◆ **Task to carry out**: The output must consist only of the lines from the one with "0.2 CT. T.W." through the end of the listing, restated exactly and free of pictures.

◆ **Dataset excerpts**:

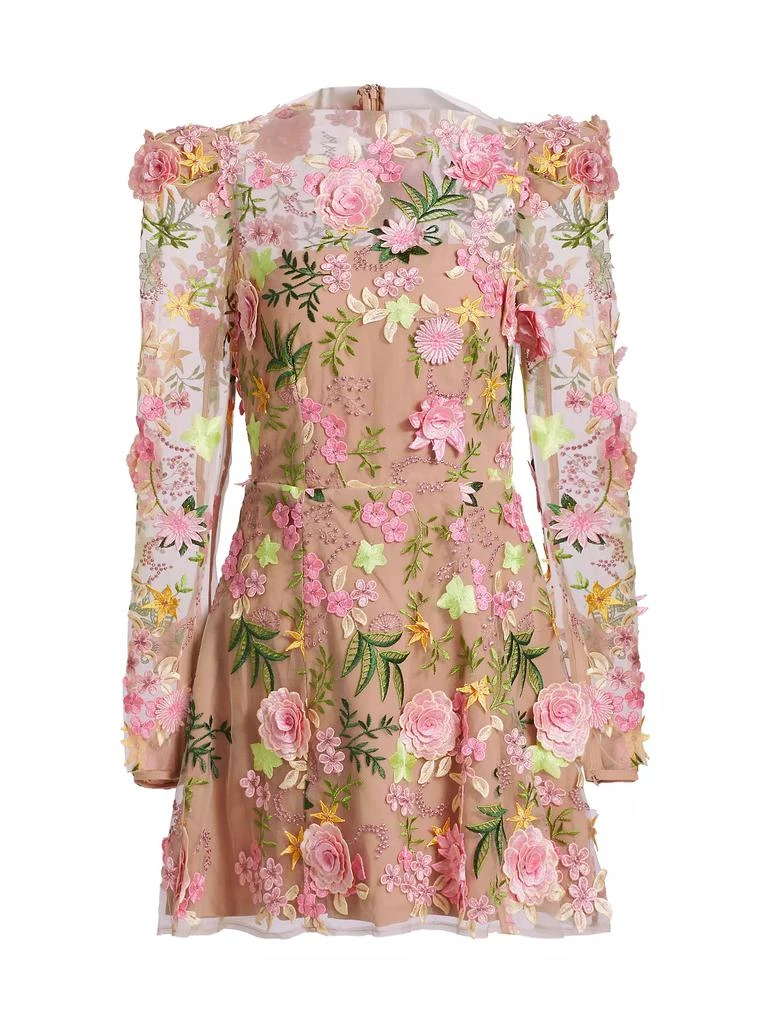 Elliatt Aella Floral Appliqué Minidress 1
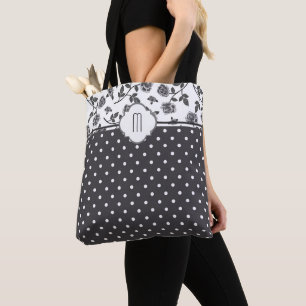 Tote Bag Rose gris charbon Polka Dot Monogramme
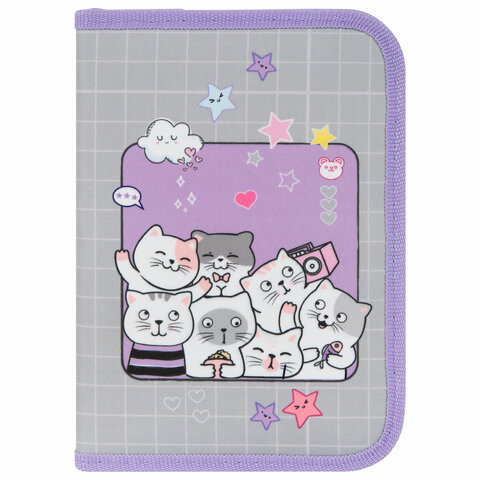 Пенал ПИФАГОР, 1 отделение, 2 откидные планки, полиэстер, 20×14 см, «Cats selfie»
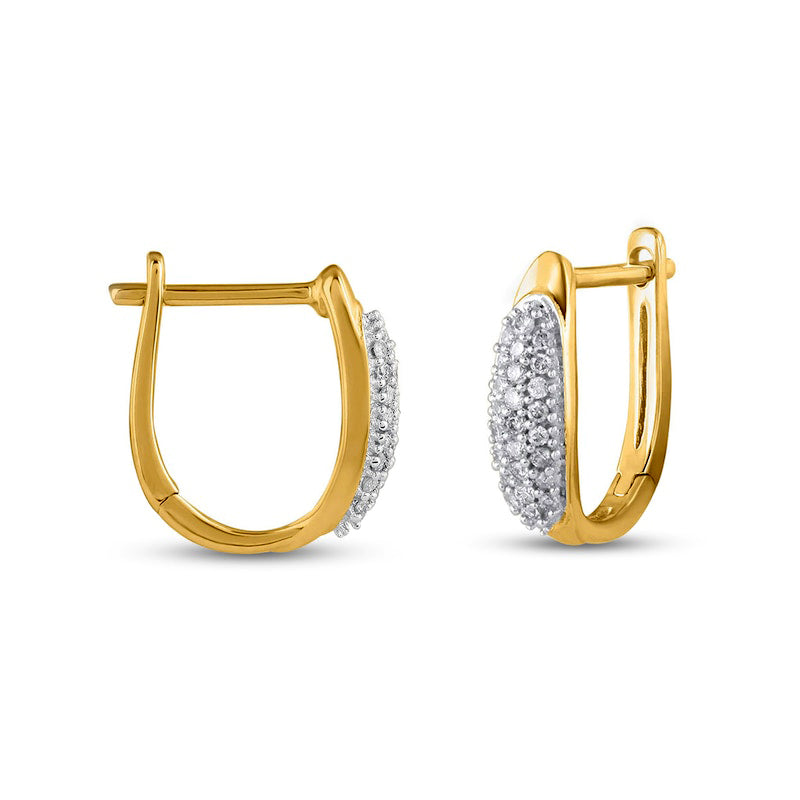 0.2 CT. T.W. Composite Oval-Shaped Diamond Hoop Earrings in 10K Gold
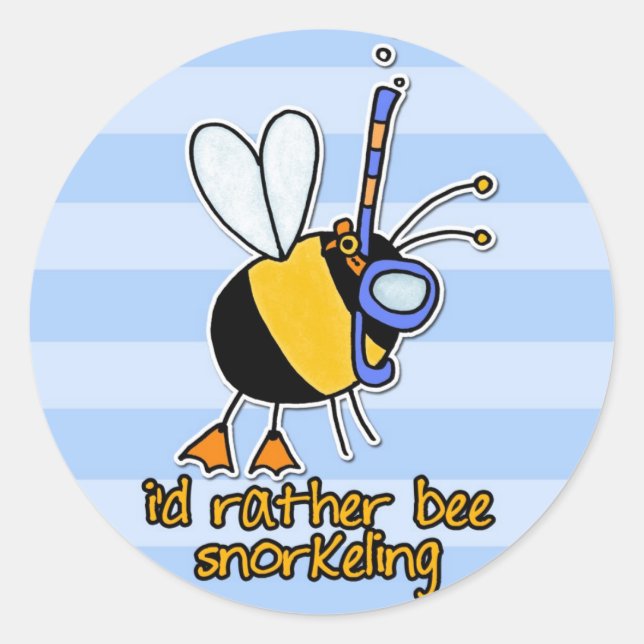 rather bee snorkelling classic round sticker (Front)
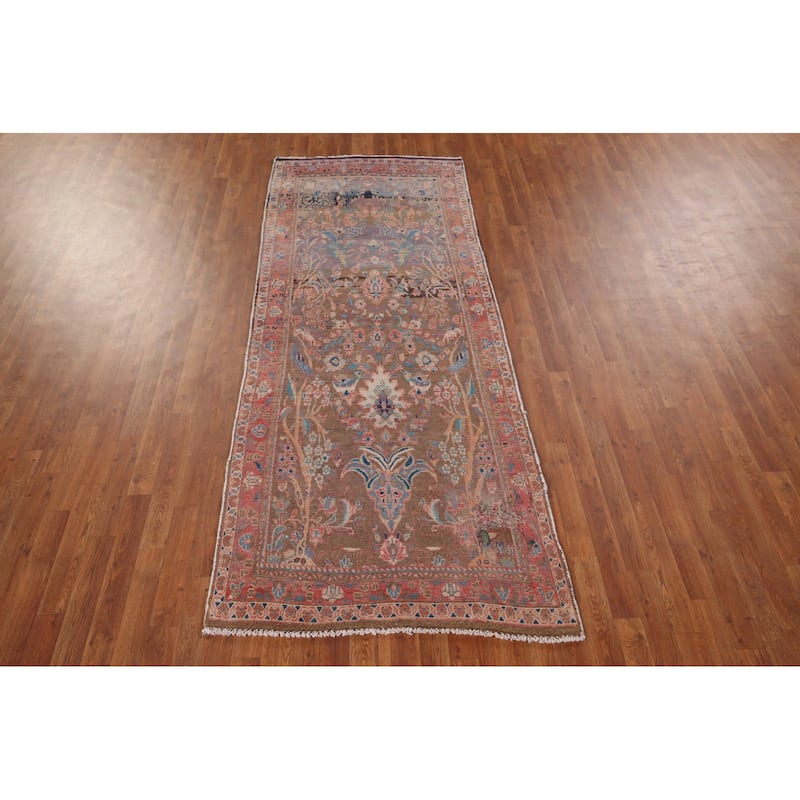 Distressed Mahal Persian Vintage Runner Rug Hand-Knotted Wool Carpet - 3'7" x 8'10"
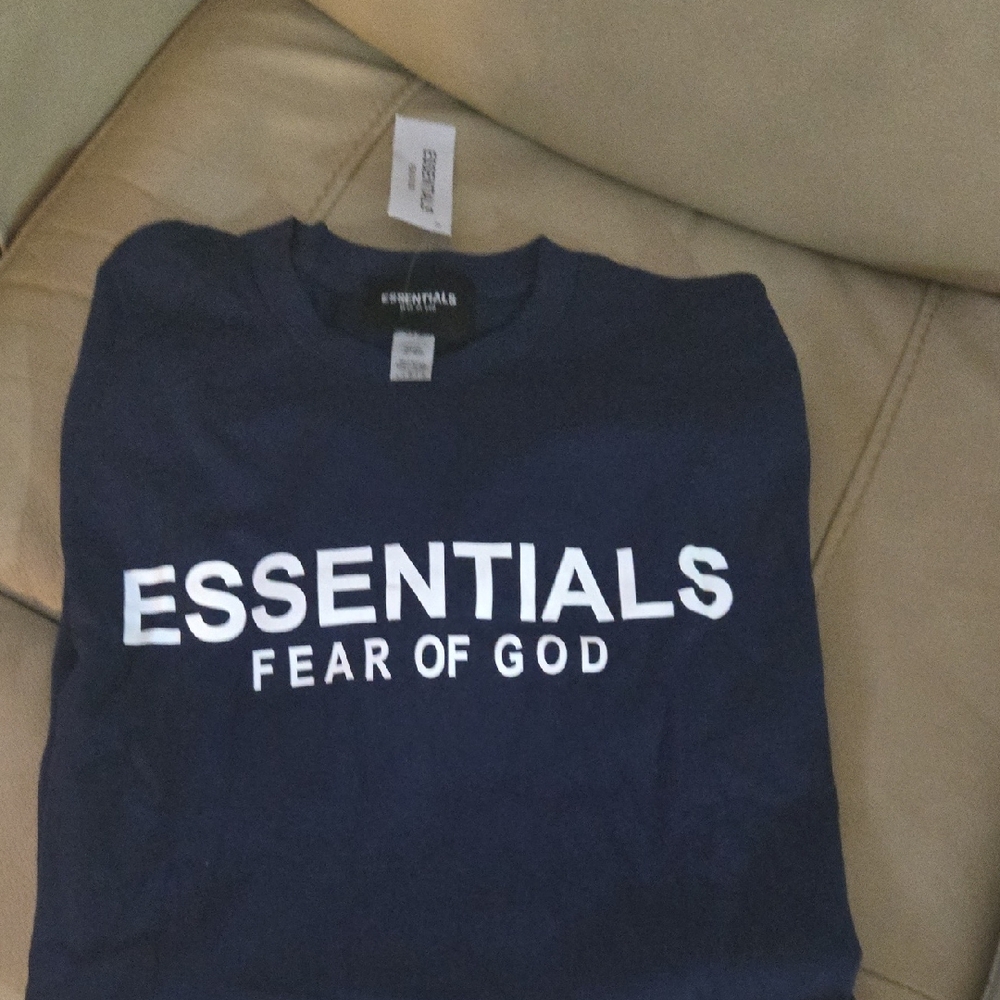 Mens Short Sleeve Essentials Fear of God Navy T-Shirt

◆ **Exercise output**:
 0.2 CT. T.W. Composite Oval-Shaped Diamond Hoop Earrings in 10K Gold
 rather bee snorkelling classic round sticker (Front)
 Distressed Mahal Persian Vintage Runner Rug Hand-Knotted Wool Carpet - 3'7" x 8'10"
 Mens Short Sleeve Essentials Fear of God Navy T-Shirt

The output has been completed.